Educational Tidbits from Across
the Continent
The Organization for Economic Cooperation
and Development released a study this past winter regarding math achievement
in 2003 by fifteen-year olds worldwide. The United States placed 28th out of
40 countries, and the U.S. placed last in score per dollar spent. Hong Kong
students had the most high-achieving students, and Finland had the smallest
number of low-achieving students.
Phillips Academy College Counseling Director John Anderson recently had some
interesting comments in a recent Andover bulletin,
including the recommendation of two books for parents and students about the
college admission game: "Colleges That Change Lives" and "Harvard, Shmarvard."
Denver teachers are getting compensated for students’ higher test scores. Students
are measured by standards teachers themselves wrote in line with the teachers’
objectives written back in 2000. 637 teachers eventually took part of the program,
and nearly all of them collected bonuses of $1500. A teacher starting at $33,000
could eventually earn a maximum of $100,000 instead of $60,000. Other bonuses
accrue for working in low-income schools, teaching math or science, or for getting
advanced certification.
Princeton University has become the first elite university to combat grade inflation,
when they decreed to cut the number of A+’s, A‘s and A-’s awarded for the 2004-05
school year. Almost half of the grades awarded at Princeton in recent years
have been A’s.
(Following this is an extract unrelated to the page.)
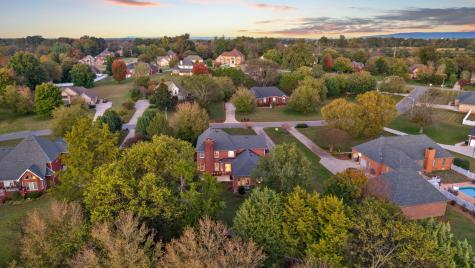 101 Westmeade Drive Winchester TN 37398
At Harvard, by comparison, most of the grades awarded are A’s.
Six characteristics of successful secondary schools, as reported by a University
of New Mexico study of nine outstanding secondary schools presented at the
Philadelphia NCTM conference (Emerald M.S. in El Cajon, CA; O’Bryant, a math/science
magnet school in Boston; KIPP in Bronx; KIPP in Houston; Latta M.S. in SC; Rockcastle
M.S. in KY; YES College Prep in Houston; Young Women’s Leadership Academy in
E. Harlem; and Ysleta M.S. in El Paso, TX):
1. Teachers want kids to “dominate.”
2. There is extended after-school class time.
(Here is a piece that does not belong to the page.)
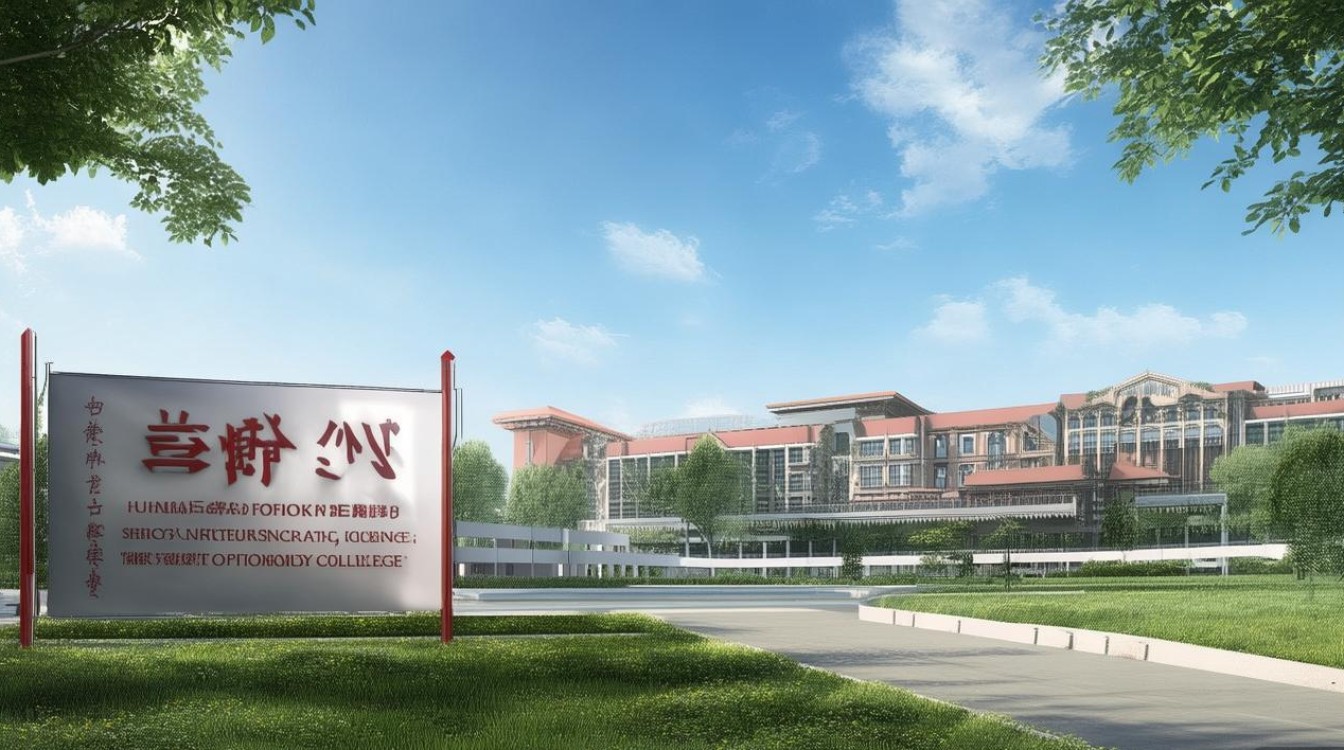 湖南理科专科学校排名如何，湖南有哪些好的大专院校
3. Faculty collaborate; they don’t wait for administrators.
4. Test prep is emphasized.
5. Teaching resources and materials are available.
6. Failure is not an option.
Standardized test mayhem: Indiana has just completed a two-year pilot program
to test the feasibility of computers grading essays for the statewide assessment
test. Michigan will soon begin a pilot program whereby sixth graders will write
essays to be computer-graded. Those computer grades will be compared to human
grades of some of the same essay. Neither state has decided to have computers
assess essays as part of compliance with the No Left Child Behind Law. Meanwhile,
in New York, exemptions from standardized testing were extended for notable
schools such as the Urban Academy in Manhattan and the Lehman Alternative School
in Ithaca. These schools have noteworthy alternative programs such as courses in Middle East conflicts and microbiology.
The College Board, after agreeing not to flag any student taking the SAT under
unusual circumstances like extra time, is now asking some schools for more documentation
regarding their students who ask for extra time. The schools that are the object
of the College Board’s scrutiny have had an unusually high percentage of students
who ask for extra time. . . .SAT changes: the SAT I (what we used to call the
SAT) changes with the March 2005 test, with some meatier algebra, no analogies,
a grammar section similar to the PSAT, and an essay. The top score possible
will be 2400.
A faculty panel at the University of California, the very institution that prompted
the changes in the SAT I (see our article on the
subject from 2002), is criticizing the PSAT, whose test is created by the same
test makers of the SAT, the Educational Testing Service. The Cal committee says
that the National Merit scholarship program, for which students can qualify
with a high enough PSAT score, is "contrary to U.C. standards and philosophy."
Click
here for details.
An alternative standardized test, encouraged by the College Board, shows promise.
Robert Sternberg, a Yale psychologist, has designed a test he calls "The Rainbow
Project," which evaluates creativity and problem-solving skills rather than
analytical skills. The 800-student sample had a better correlation between their
freshman grades and their "rainbow" test scores than their grades correlated
with their SAT I scores.
There is practically no unemployment in Branson, Colorado. The entire town is
involved in online learning, educating home-schooled students all across the
state. Even the mayor is in charge of fifteen students. Typically, however,
cyber-learning students under-perform those learning on-site at actual schools.
. . .Also in Colorado, a five-year old merit
pay plan authored by teachers is expected to begin in 2005-06, with teacher
pay tied to their students' performance. . . .Why are more math professors male?
We have been saying for years that the sex numbers would be even if as many
tests, including standardized ones and contests, were over a 24-hour period
as well as tightly timed over an hour or two. Harvard President Lawrence Summers
has decided to not think of such nuances, however, claiming that women lack
“innate ability” in math and science.